Valle is an assistant professor, jointly appointed in the Department of Sociology and Anthropology and the Department of African American and African Studies, at Rutgers University-Newark. She is also a core faculty member of the Global Urban Studies/Urban Systems Ph.D. program.
At Princeton, Valle will complete her current book project, Battling for Worth: Race, Recognition, and Urban Change on Colombia’s Caribbean Coast, currently under contract with Oxford University Press, The book will be included in its Global and Comparative Ethnography Series. Battling for Worth demonstrates how race becomes encoded in the value of urban space by exploring the criteria people use to determine what and who has worth, at different spatial scales, in the context of urban spatial and economic change in Cartagena de Indias, Colombia.

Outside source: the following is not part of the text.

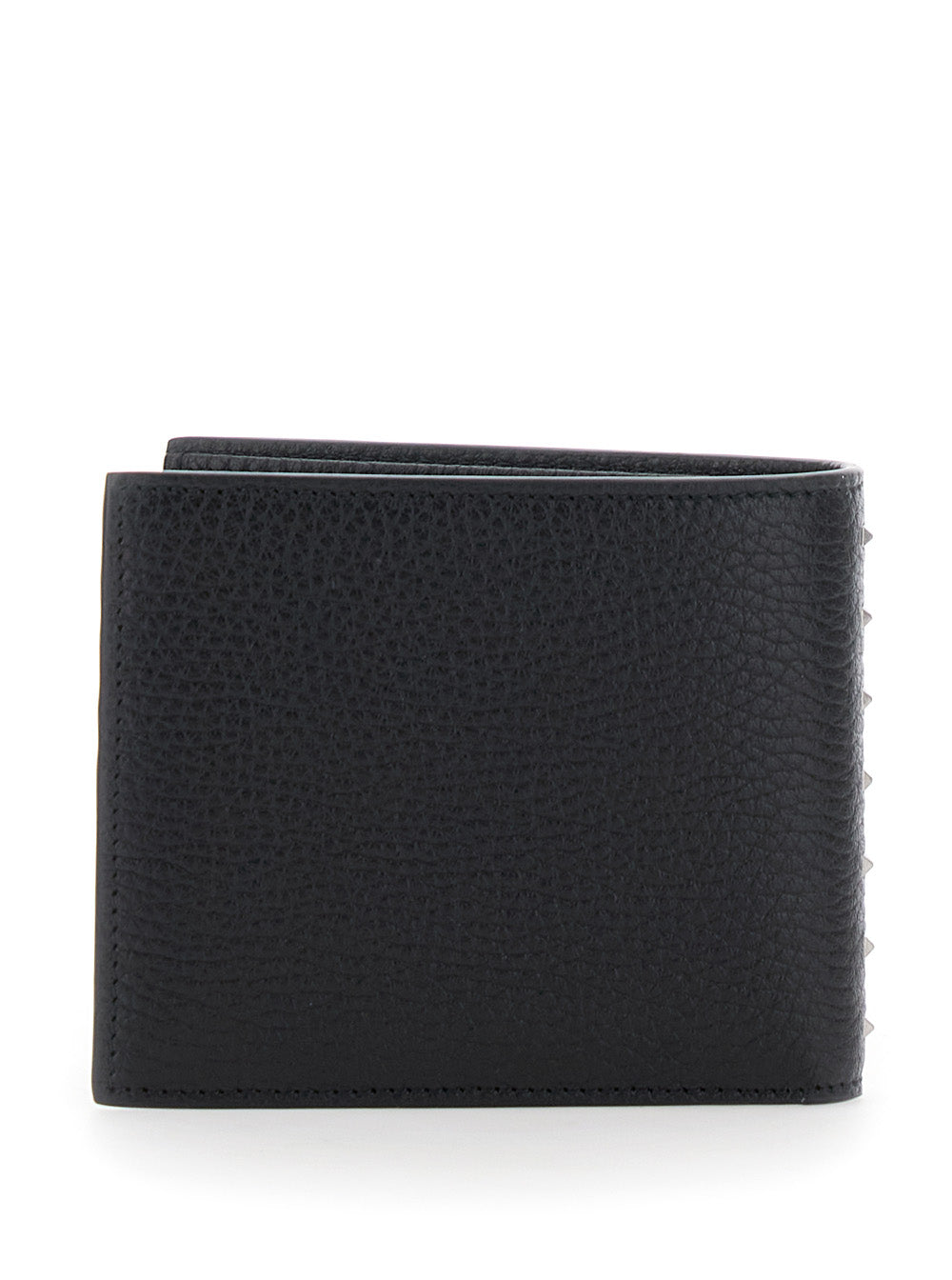 Valentino Garavani Men Black Bi-Fold Wallet With Rockstud Details In Grained Leather Man VALENTINO GARAVANI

In exploring the racialized dynamics of urban change, Valle addresses how racial worth is relationally defined, strategically activated, ideologically articulated, and empirically manifested.
Valle is the recipient of a Fulbright award to Colombia and has also completed research on Afro-descendants living in Santiago, Chile, exploring the mechanisms that lead to reduced life chances for marginalized groups and how such groups negotiate stigma perspectives that suggest their identities have been devalued. She is a council member of the American Sociological Association’s Community and Urban Sociology Section, an editorial board member of the ASA urban journal, City & Community (2022-2025), an executive board member of the afrolatin@ forum, and a member of the Black Latinas Know Collective (BLKC).
Valle has dual bachelor’s degrees in Economics and Afro-American Studies from Howard University, a Master of Public Administration in Public and Nonprofit Management and Policy from New York University, a M.S. for Teachers in Childhood Education from Pace University, and an M.A., M.Phil., and Ph.D. in Sociology from Columbia University.
Valle’s fellowship is made possible by the Mellon Foundation and the Princeton School of Public and International Affairs.